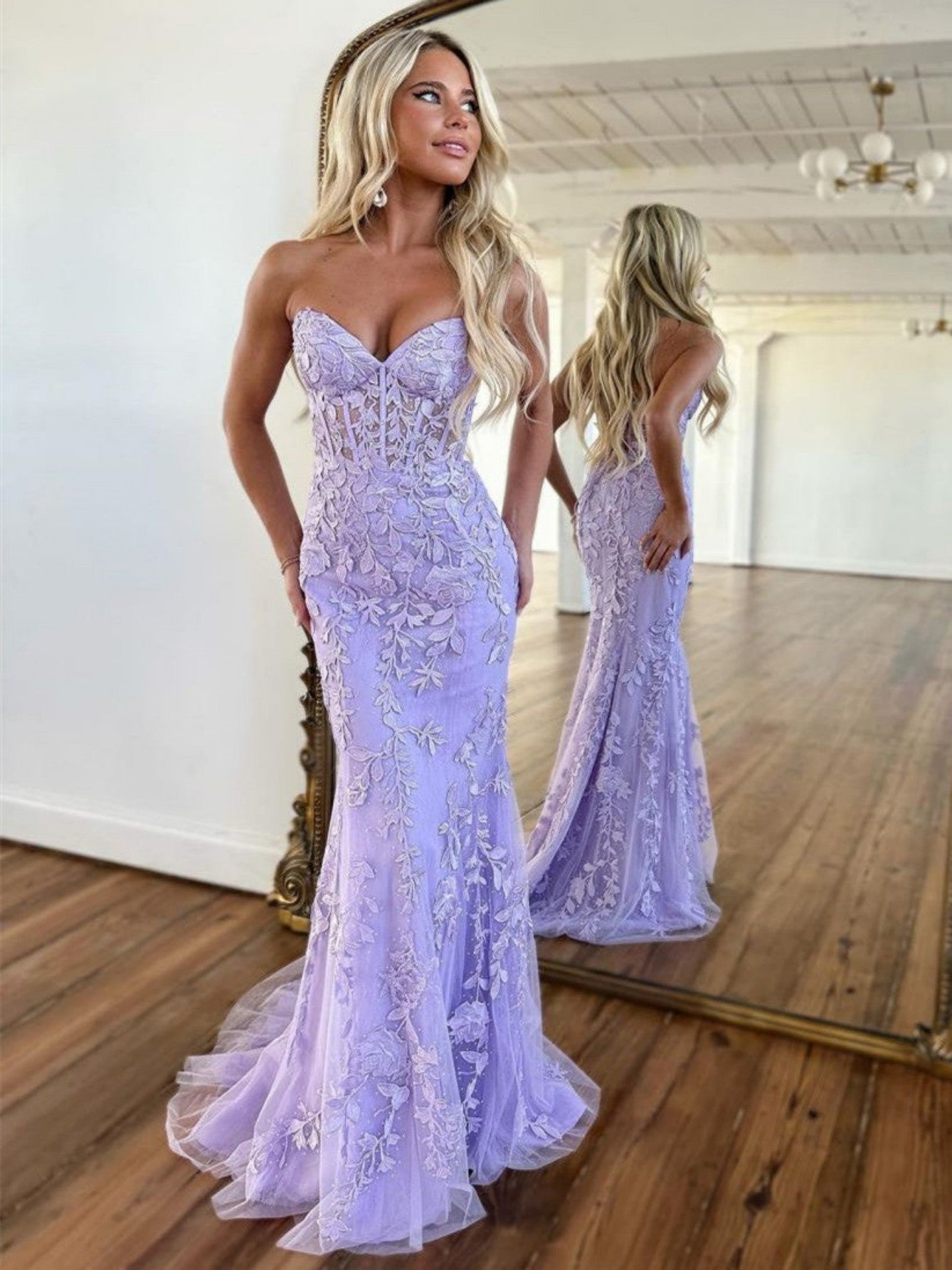 Evie |Mermaid Strapless Lace Prom Dress With Appliques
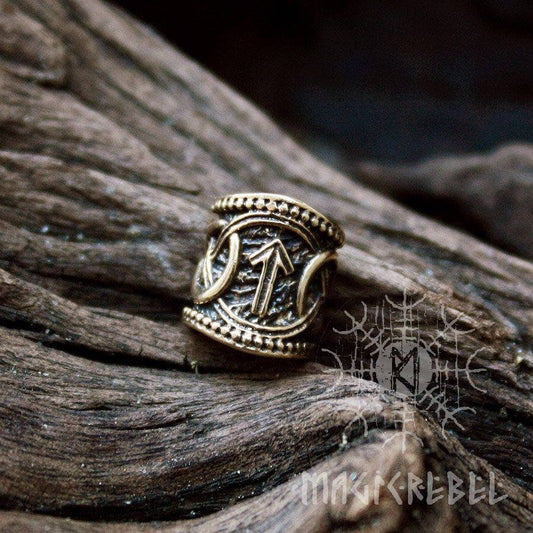Viking Runes Bronze Bead Teiwaz Algiz Nordic Handmade Hair Beard Dreadlocks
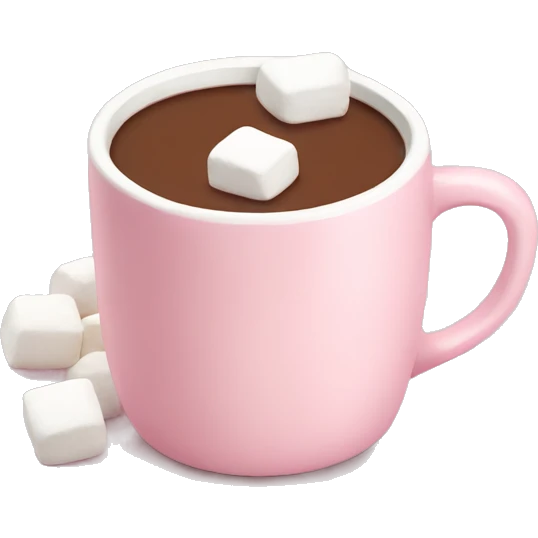 Light Pink mug of hot chocolate with marshmallows  emoji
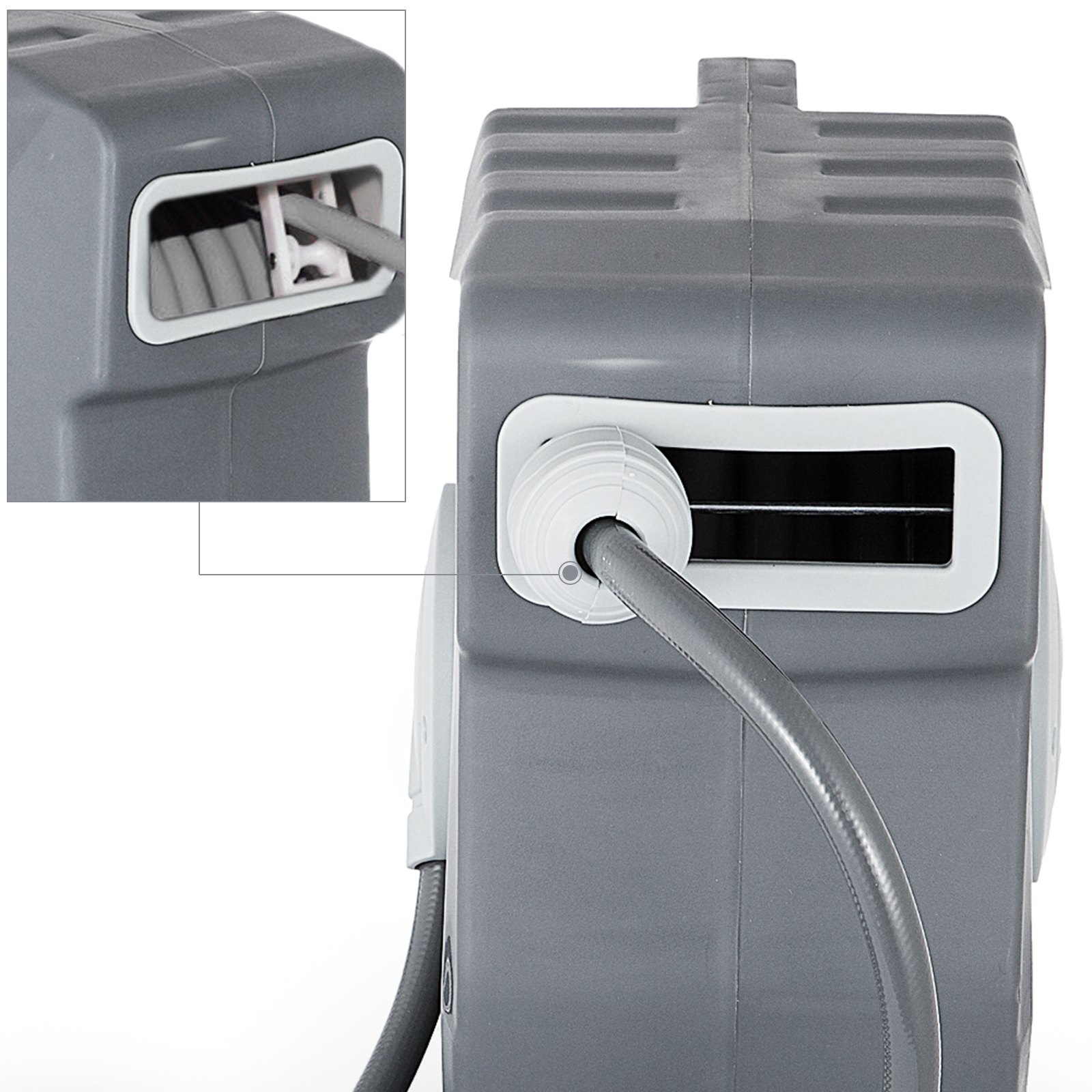 VEVOR Avvolgitubo per Aria Compressa Grigio, 20m Arrotolatore Avvolgitubo con Riavvolgimento Automatico, Montaggio a Parete, Avvolgitubo Retrattile da 66 Piedi, Utensili per Compressori Linea Girevole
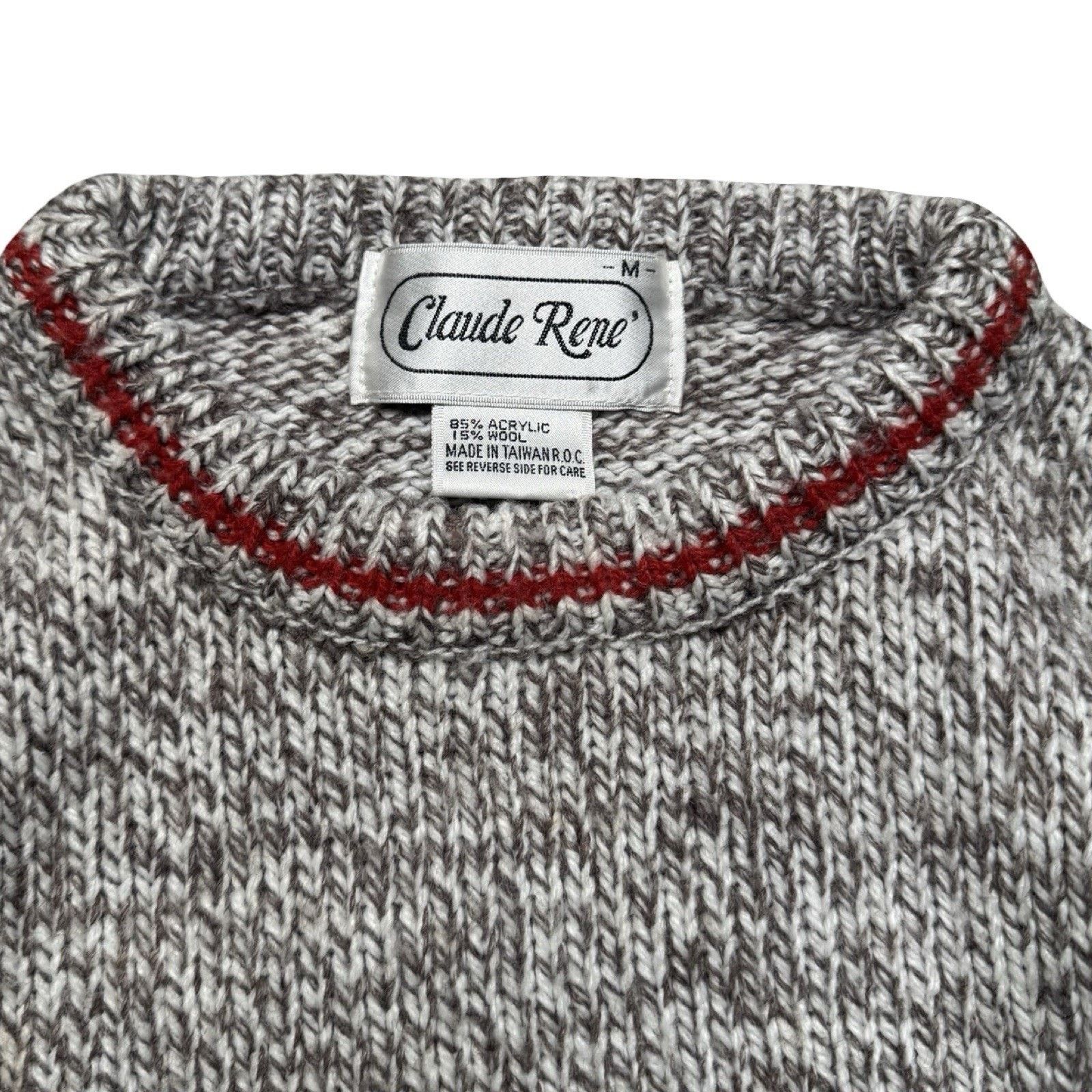 Vintage Vintage Claude Rene Argyle Sweater Knit Red Grey Women's M Size M / US 6-8 / IT 42-44 - 3 Thumbnail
◇ ◇ ◇ ◇ ◇
■ Task goal:
Copy out the entries above in full and exactly, skipping every picture.

■ Completed exercise:
 Evie |Mermaid Strapless Lace Prom Dress With Appliques
Viking Runes Bronze Bead Teiwaz Algiz Nordic Handmade Hair Beard Dreadlocks
 Light Pink mug of hot chocolate with marshmallows  emoji
 VEVOR Avvolgitubo per Aria Compressa Grigio, 20m Arrotolatore Avvolgitubo con Riavvolgimento Automatico, Montaggio a Parete, Avvolgitubo Retrattile da 66 Piedi, Utensili per Compressori Linea Girevole
 Vintage Vintage Claude Rene Argyle Sweater Knit Red Grey Women's M Size M / US 6-8 / IT 42-44 - 3 Thumbnail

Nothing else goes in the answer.